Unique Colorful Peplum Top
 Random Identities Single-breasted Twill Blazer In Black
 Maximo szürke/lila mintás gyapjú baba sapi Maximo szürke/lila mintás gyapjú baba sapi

▶ Exercise aim:
Only the lines from the one with "Random Identities Single-breasted" through the final line above should be repeated, each exactly as written.

▶ Response to the exercise:
 Random Identities Single-breasted Twill Blazer In Black
 Maximo szürke/lila mintás gyapjú baba sapi Maximo szürke/lila mintás gyapjú baba sapi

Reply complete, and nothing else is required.